LIUZZO CUORE DELLA HOLDING
Per gli inquirenti, non a caso, è toccata proprio a Liuzzo, al termine di un vero e proprio summit mafioso, la scelta delle imprese che avrebbero lavorato presso il cantiere della predetta società, dovendosi occupare del completamento delle strutture murarie innalzate, della realizzazione degli impianti elettrici e idraulici, della posa dei pavimenti e delle piastrelle, della pitturazione interna ed esterna, degli infissi e di svariati altri lavori necessari al completamento dello stabilimento residenziale. Lavori e forniture sarebbe stati dunque affidati a “determinati” soggetti economici, risultati essere tutti legati alle varie cosche reggine operanti in città sulla base di un disegno preciso e previamente concordato fra i vertici dei clan, teso alla spartizione, a tavolino di tutti i lavori di edilizia, affinché ogni famiglia di ‘ndrangheta beneficiasse della «propria parte di competenza», consistente in sostanziose «entrate economiche». Un giro d’affari milionario, formalmente giustificato grazie a un vorticoso giro di fatture per operazioni inesistenti, grazie a cui commercialisti compiacenti potevano “sistemare” la contabilità delle aziende espressione della holding criminale.

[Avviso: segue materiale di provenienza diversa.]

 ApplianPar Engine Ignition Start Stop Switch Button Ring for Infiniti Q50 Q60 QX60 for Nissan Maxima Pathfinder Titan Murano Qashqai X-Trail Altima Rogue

MARIO GIGLIO E GLI ALTRI PROFESSIONISTI DEL CLAN
Un’attività imprenditoriale decisamente ampia e disinvolta quella di Liuzzo, che si avvaleva della collaborazione e dei consigli dell’avvocato Mario Giglio, cugino dell’ex magistrato reggino condannato qualche mese fa per i suoi rapporti con il clan Lampada. Il legale non solo si sarebbe reso disponibile come «canale di collegamento» per la conoscenza di eventuali indagini a carico dell’imprenditore in virtù dei suoi «importanti agganci e amicizie», ma «in veste professionale, non si limitava a mettere le proprie competenze a disposizione del Liuzzo – spiega Cafiero de Raho – ma lo consiglia su come riappropriarsi e continuare ad approfittare del bene che in precedenza gli era stato confiscato». Un’operazione illecita che – secondo le indagini – sarebbe stata possibile grazie all’infedeltà di una delle commercialiste che per il Tribunale di Reggio si occupa di beni confiscati, Francesca Marcello, custode della Euroedil, in precedenza sequestrata e confiscata proprio a Liuzzo.